Confabulation Detection Without Ground Truth: GSI as a Pre-Generative Hallucination Detector

Fig 1 — GSI for factual queries (navy) vs confabulation-forcing queries (red). All p < 0.001, n=200 (A) vs n=100 (HX).

Ask a language model for the melting point of a fictional compound and it will answer with confident precision. The number is invented. The confidence is real. This paper shows you can detect the difference before the model generates a single word — without knowing the right answer yourself.

The Gate Sparseness Index, introduced in TES1, measures whether a model's internal gates fire selectively (knowledge present) or diffusely (knowledge absent). TES3 pushes this mechanism into its most practical application: detecting confabulation without any reference data. Across all eight architectures — LLaMA, Qwen3, OLMo-2, Gemma, Ministral, Bielik-Base, Bielik-Instruct, and Mistral-7B — GSI separates confabulation-prone queries from factual ones with effect sizes that exceed anything reported in the first two papers.

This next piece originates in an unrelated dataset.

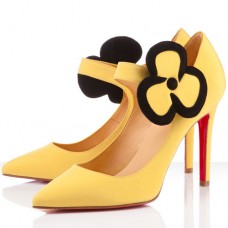 Pantofi Christian Louboutin Pensee 100mm Mary Jane, model Canari Pantofi Christian Louboutin Pensee 100mm Mary Jane, model Canari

The mechanism: empty drawers produce diffuse gates

When a model encounters a query about something it genuinely knows — the capital of France, the boiling point of water — a small cluster of FFN gates fires sharply. The activation pattern is sparse: a few neurons with high values, the rest near zero. GSI captures this as a single number. For factual queries across the eight models, GSI ranges from 0.442 (Bielik-Instruct) to 0.638 (LLaMA).

When the same model encounters a query about a fictional compound, a non-existent historical event, or a fabricated person, there is no stored memory to retrieve. The gates fire diffusely — many neurons activate weakly, none dominates. GSI drops to 0.051 (OLMo-2) through 0.247 (Mistral-7B). The separation is enormous: LLaMA achieves Cohen's d = 2.43, the strongest effect in the entire TES series. Even the weakest model, Bielik-Base, hits d = 1.28 — well above any conventional threshold for a large effect.

This is not a classifier. There is no training set, no labeled examples, no fine-tuning. One forward pass through the upper FFN layers, roughly 3 milliseconds of compute, and the signal is there.

Form without content: the coherence paradox

Fig 2 — sim_final for confabulated (red) vs factual (navy) outputs. Higher = more uniform across parallel branches.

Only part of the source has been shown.